Dark night as a bloody train wreck?

Montparnasse derailment

I saw this classic photo and was reminded of something a friend said a few years back. After I had shared my experience with the intense phase of the dark night of the soul I was going through, he – having gone through a similar phase in his own life – said, yes, it’s a bloody train wreck. 

It really is, or can be. 

I am talking about dark night of the soul in the old-fashioned sense here, as a phase of a spiritual path. The dark night of the soul that, as Evelyn Underhill described it in Mysticism, tends to come after the initial awakening and honeymoon phase (illumination).

First, there may be a phase where we enter the path in a conventional way (I skipped this one). Then, an initial spiritual opening and awakening and a honeymoon phase (for me, lasted for several years). And then, a dark night of the soul. A phase where “everything” seems to go wrong. Loss of health. Relationships. Property. Reputation. Ability to stay centered and meet whatever happens with equanimity. And so on. It can seem like a relentless series of losses in all areas of life (as it has been for me). 

We tend to lose what we relied the most on, and what was most precious to us. 

Did something go wrong? Did we make a mistake?  

No. It seems to be a relatively common phase of the path. At least common enough for many to have written and talked about it, and for me to have found others who have been or are going through it themselves. 

So why does it happen? It seems to be a deepening. 

The illumination phase can be short or long. It gives us a direct taste of the divine and often of all, without exception, as the divine. If it lasts for a while, as it did for me, it can be a wonderful phase of discovery, bliss, and things falling into place in our life in amazing ways. It helps us familiarize ourselves with all as the divine. 

Then, we lose that footing. That which seemed like it never would go away does. Where things fell into place in amazing ways, things may now relentlessly go wrong in equally amazing ways. It can feel immensely painful, overwhelming, and as if it’s never going to go away. 

A few things seem to happen here. As Underhill mentions, it’s a very human process. It doesn’t feel spiritual at all. Just as we are faced with losses in our life, we are faced with what this brings up in us of emotions, reactions, painful memories, and more. And this is an invitation for a few different things. 

It’s an invitation for healing what’s unhealed in us. It comes to the surface with an invitation for us to find healing for it. 

It’s an invitation for healing our relationship to life and the life situations we find ourselves in, and also our relationship to what it brings up in us including the pain. Can we befriend it? Can we find it as a support for our healing and maturing? 

It’s an invitation for giving it all over to the divine. Let Your will be done. I give it all over to you. We deepen in this orientation while also being engaged and taking care of our life in an ordinary sense and as best as we can. 

It’s an invitation for more thoroughly seeing it all as the divine. The life situations, and what it brings up in us. Can we meet it as the divine? Can we feel it as the divine? Can we even find love for it as the divine? 

It’s an invitation to surrender to it.
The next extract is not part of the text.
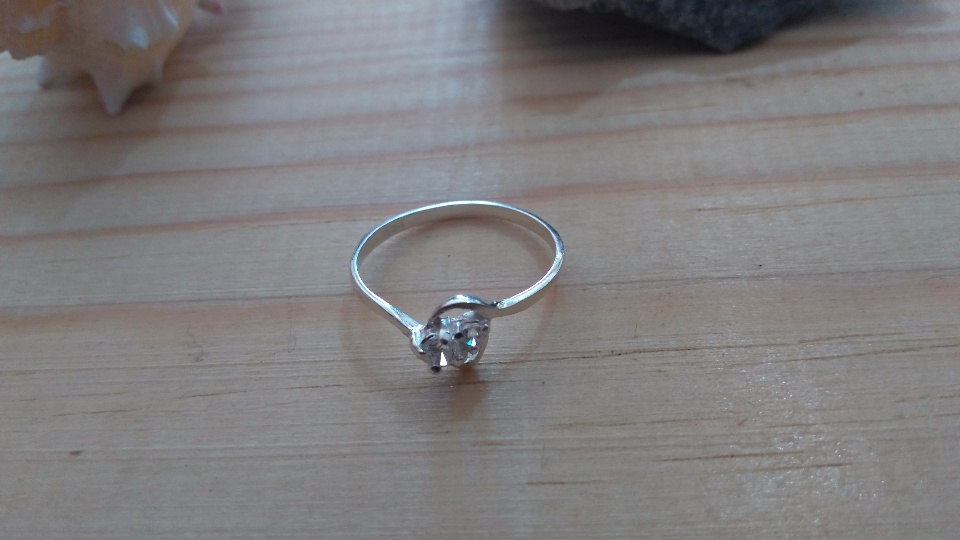 Imagen de Anillo de plata con circonia del num 7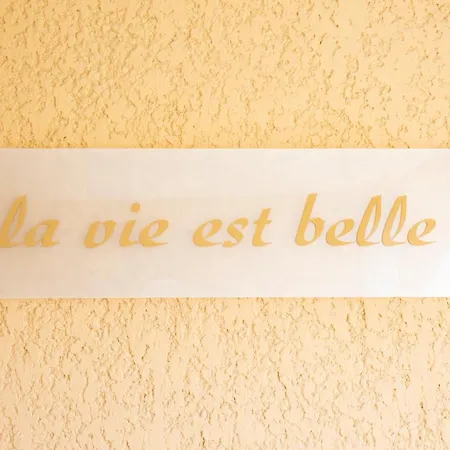 La Vie Est Belle *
To notice, allow, and rest with it, and to do the same with whatever it brings up in us including the pain. To see that, as much as something in us would like it to go away, it’s actually OK. 
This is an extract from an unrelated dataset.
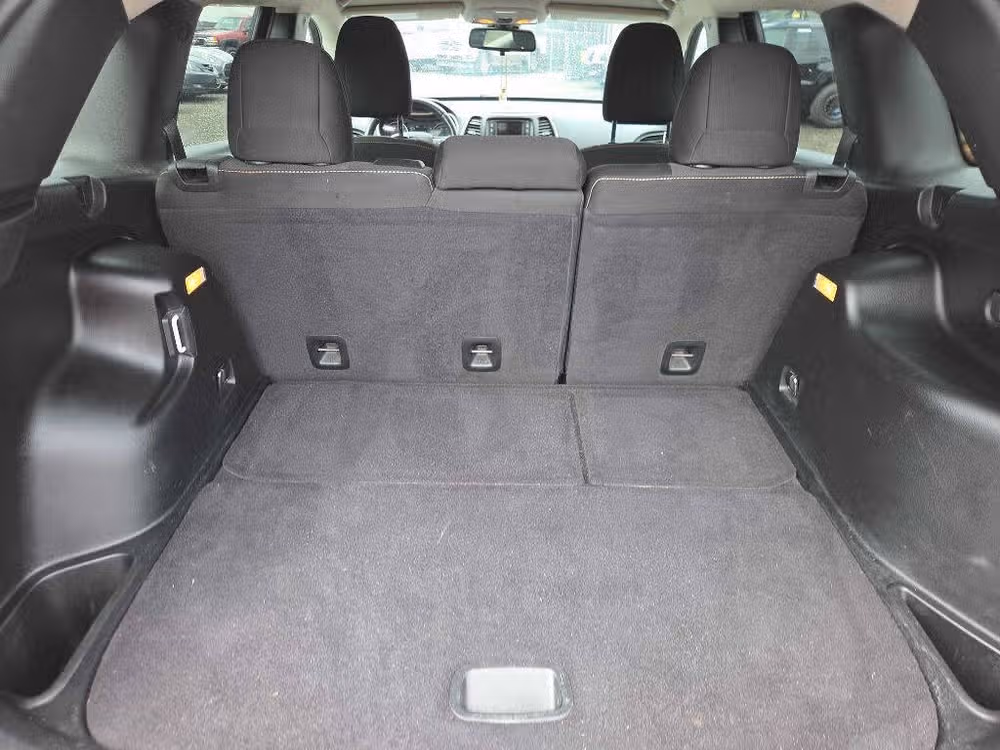 2015 Jeep Cherokee Latitude Image 10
It’s an invitation to befriend our humanness. The messiness. Confusion. Embarrassing. Humbling. Immature. Angry. Sad. Reactive. The universally human that we too have and are. 

With all this is an invitation to notice. To notice what’s going on. And to notice the effects of how we relate to it. It can even be an invitation to explore various spiritual practices and healing modalities. We can learn a great deal of practical value in this process. 
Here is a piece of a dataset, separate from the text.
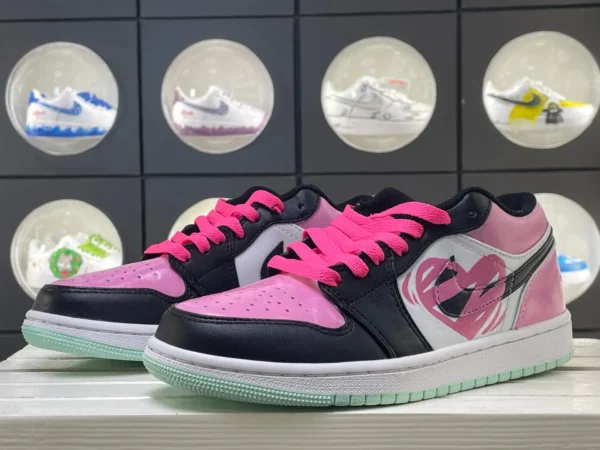 Black Pink Heart Graffiti Mint Sole Custom Air Force 1 - Image 5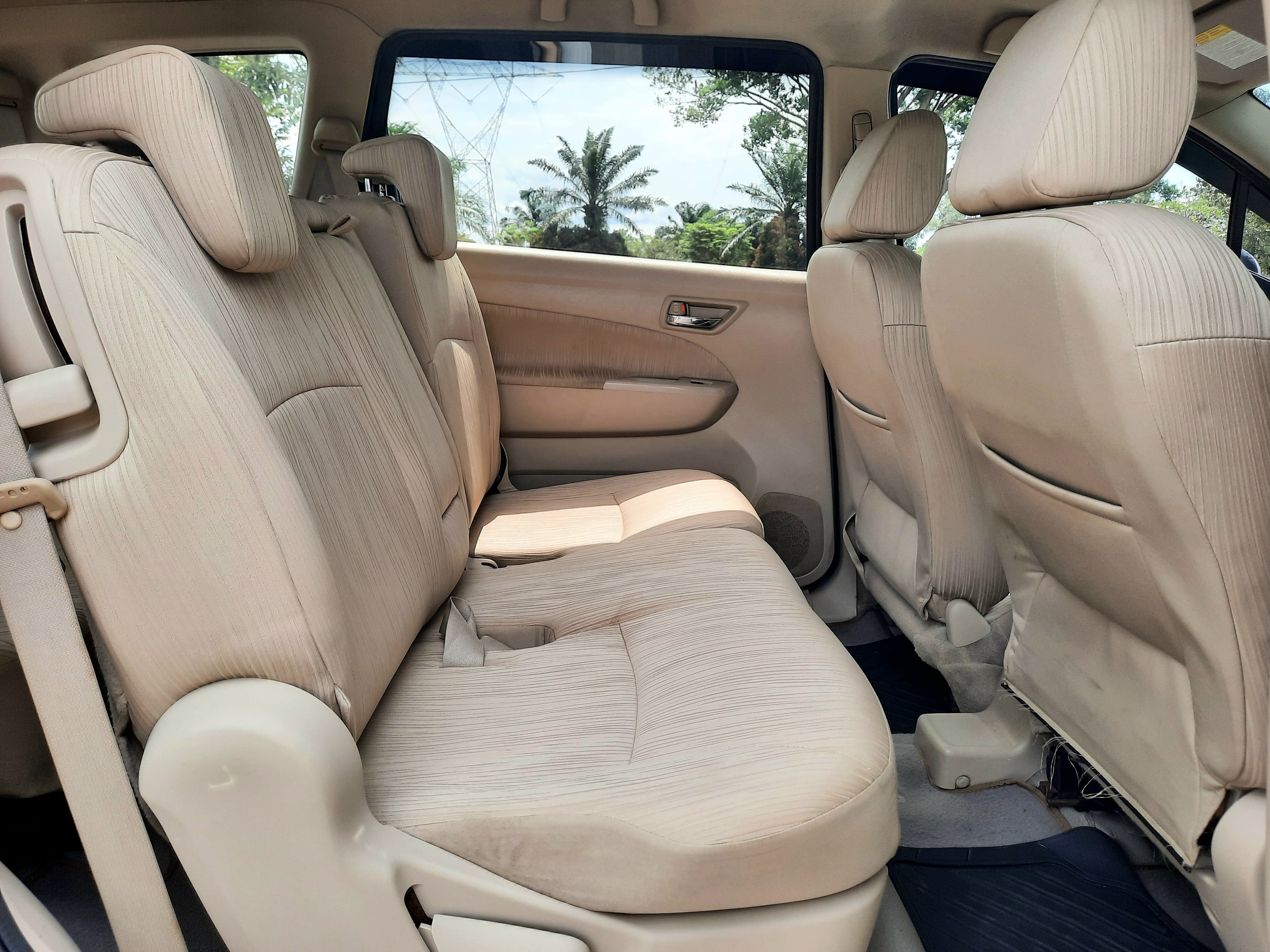 2014 Suzuki Ertiga GX AT 2014 Suzuki Ertiga GX AT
It’s an invitation to allow the process to work on us. Notice we don’t know what’s actually going on. Find some trust and patience with the process. 

As we heal as human beings, we are better able to live from the clarity, kindness, and wisdom available to us. And the same goes for more thoroughly recognize everything, without exception, as the divine. (If we still have a theistic orientation, we can say it’s from the divine.) 

The overall invitation is to deepen in healing, clarity, and heartfulness. In that sense, it’s the greatest gift we could receive. It’s not what we, at a human level, would choose. But it can come with great gifts. 

There are other types of dark nights. In contemporary use, it often refers to a difficult time in our life whether or not there is a (recognized) spiritual context. In a spiritual context, it seems to happen when life or the spiritual process rubs up against remaining identifications. It can feel dry, empty, disorienting, and so on.